The Australian Greens support the need for reform to the Child Support Scheme. The last time we debated the new scheme we indicated our support for it.
However, we raised some concerns. The Greens are supportive overall of the intentions of the proposed changes in the Families, Community Services and Indigenous Affairs Legislation Amendment (Child Support Reform Consolidation and Other Measures) Bill 2007. However, as we have said previously, we have several concerns about this bill in particular and also some ongoing concerns. Firstly, the Greens are concerned about the nature of the amendment to the baby bonus scheme, which I will go to shortly. Secondly, yet again I am raising the issue of principal carers, as I will ad infinitum until the government takes this on board.
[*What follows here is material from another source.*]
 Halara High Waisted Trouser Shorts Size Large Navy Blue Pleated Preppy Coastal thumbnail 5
Thirdly, we are particularly concerned about the development of models to investigate the impact of the changes to the child support arrangements.
The Australian Greens recognise the potential temptation of misuse associated with the lump sum baby bonus payment which led to the proposed amendments in this bill. However, we believe that this issue extends to a wide range of expectant parents, not just to those under the age of 18. We believe that these provisions should apply to all recipients of the baby bonus, not just a subgroup chosen purely because of their age. This is why we recommended in our minority report on the Senate Standing Committee on Community Affairs inquiry that the provisions relating to periodic payment be extended to all recipients of the baby bonus and not be limited to mothers under the age of 18.
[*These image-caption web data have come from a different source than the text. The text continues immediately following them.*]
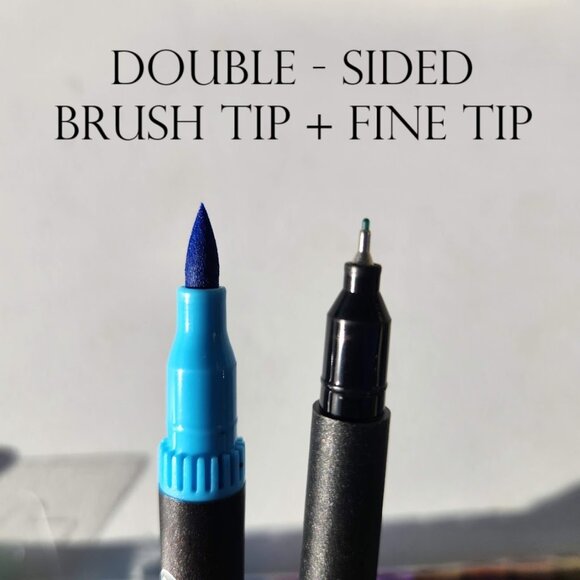 NEW Art Supplies Brush Markers Pens for Adult Coloring Books School 34 Count Dua - Picture 10 of 13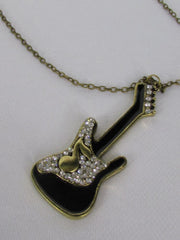 New Women Gold Metal Chains Music Black Electric Guitar Fashion Necklace Pendant - alwaystyle4you - 4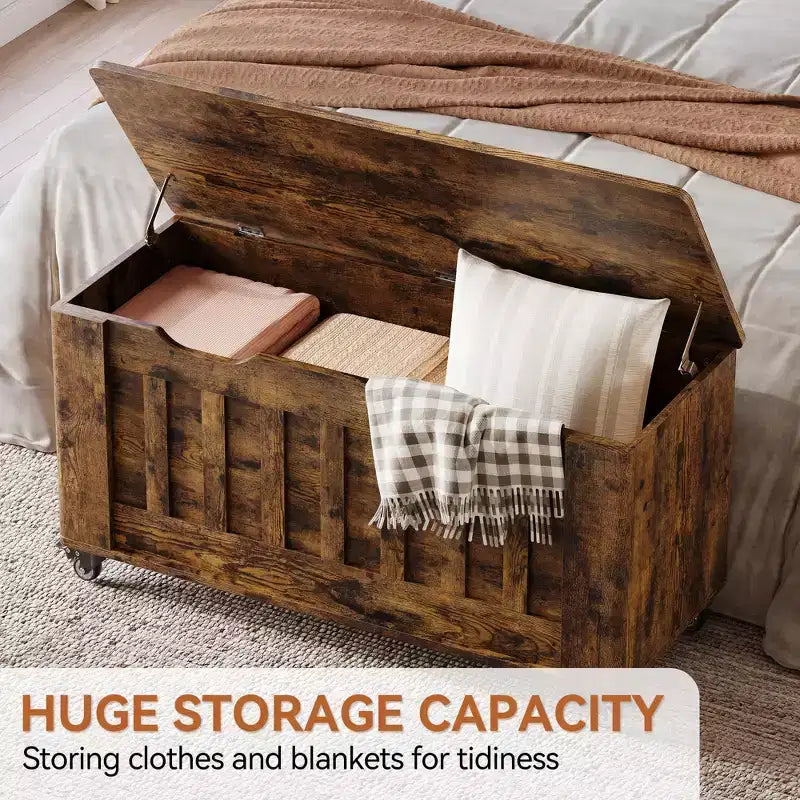 Panca contenitore, cassapanca in legno con 4 ruote, cassapanca da 100 cm con 2 cerniere di sicurezza, capacità di carico di 160 kg, angoli arrotondati, intaglio a U, per ingresso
Let us consider for a moment the list of reasons that the government has given for dishing out the baby bonus in fortnightly payments to those under the age of 18. The list I am about to talk about is from the Family Assistance Office website. It came out on 11 January. It actually referred at that time to the changes to process that were made from 1 January 2007 to 1 July 2007 for young people under the age of 17 who applied for maternity payment and to the decision that it would be made in 13 fortnightly instalments.
The reasons that people who are under 17 who apply at the moment have to receive fortnightly payments instead of one lump sum payment include inexperience in handling large sums of money; situations where an applicant may be subject to pressure to use the payment unwisely; a history of experience of domestic or family violence; a history of difficulties in managing finances; situations where an applicant may be vulnerable to exploitation; situations where applicants have gambling problems or substance addiction; situations where applicants are homeless or at risk of becoming homeless; situations where applicants previously had or currently have a child which is subject to child protection; and where applicants have intellectual disability or mental illness. It could be one or all of those reasons.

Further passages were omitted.